Après avoir posé mon sac, j’ai voulu me rendre au centre-ville pour faire un peu de repérage, tout en visitant quelques temples (il y en a un pratiquement tous les 50 mètres). Chiang Mai est une jolie ville, il y a des ruelles très paisibles en plein dans l’hypercentre avec de très belles maisons, ce qui surprend un peu quand on compare aux centre-ville grouillants et bruyants habituels. Je ne suis rentrée qu’à la nuit tombée, et j’ai eu un mal fou à retrouver mon hôtel : sa rue s’était complètement transformée, car l’un des plus grands marchés de la ville avait pris possession des lieux : le Saturday Walking Night Market. Et il y avait du monde, beaucoup de monde. Y compris des petits perroquets !
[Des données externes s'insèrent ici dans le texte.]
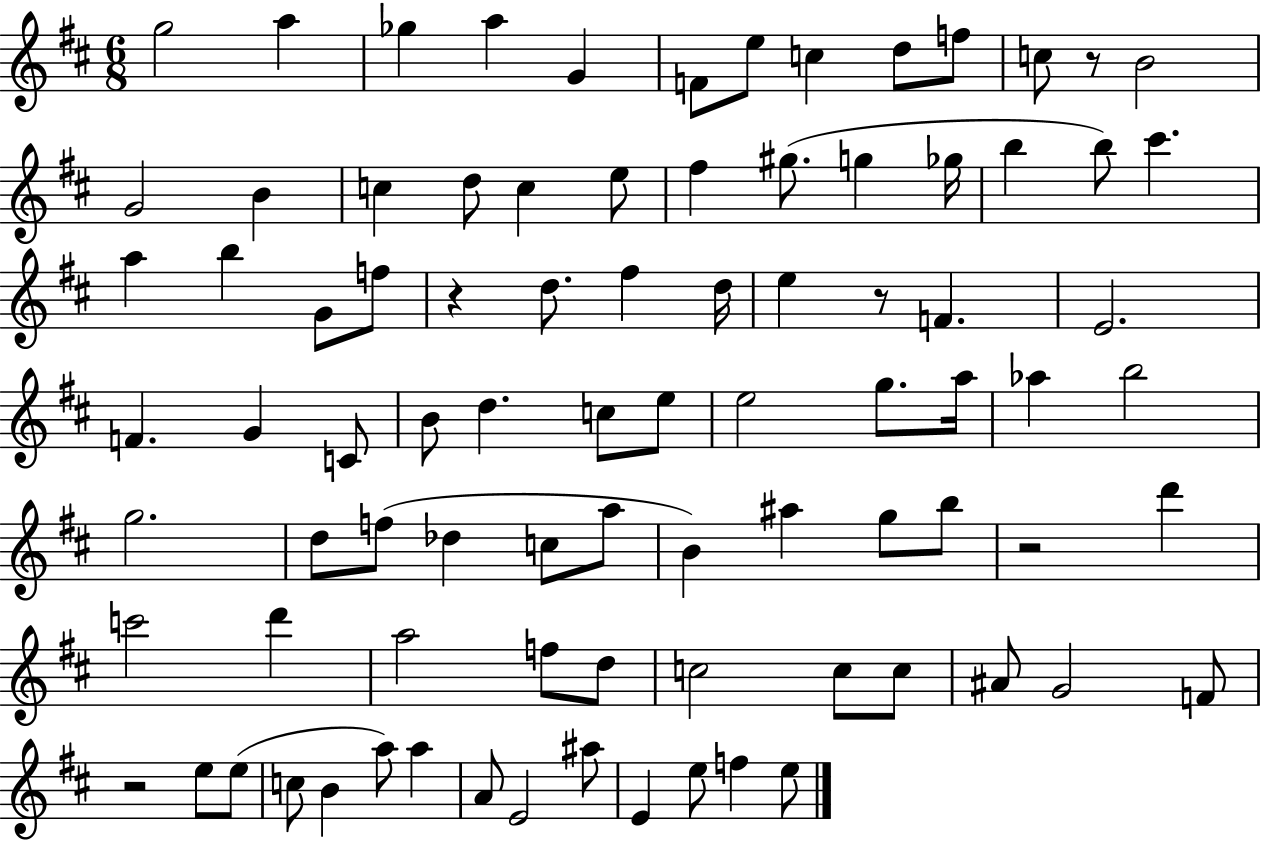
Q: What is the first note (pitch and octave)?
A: G5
Jour 14 – Le bar à chats et le Sunday Market

J’étais crevée, du coup je ne suis sortie de l’auberge qu’en milieu d’après-midi pour me rendre au zoo de Chiang Mai afin de voir les pandas. Manque de bol, quand je suis arrivée devant, il était sur le point de fermer ! Du coup j’ai rebroussé chemin et suis rentrée à pied au centre-ville. J’aurais voulu tenter le bus local, mais les panneaux étaient écrits uniquement en Thaï, pas moyen de comprendre où je devais aller !

Sur le chemin, j’ai découvert le bar à chats Catmosphere où j’ai décidé de faire une petite halte. J’avais entendu parler de ces fameux bars au Japon et à Londres mais jamais je n’avais pu en tester un ! Les chats étaient bien mignons et venaient sans problème vers les clients. Par contre les boissons et gâteaux étaient assez chers comparés aux prix locaux, mais bon… Un petit câlin félin fait toujours du bien quand on est loin de chez soi.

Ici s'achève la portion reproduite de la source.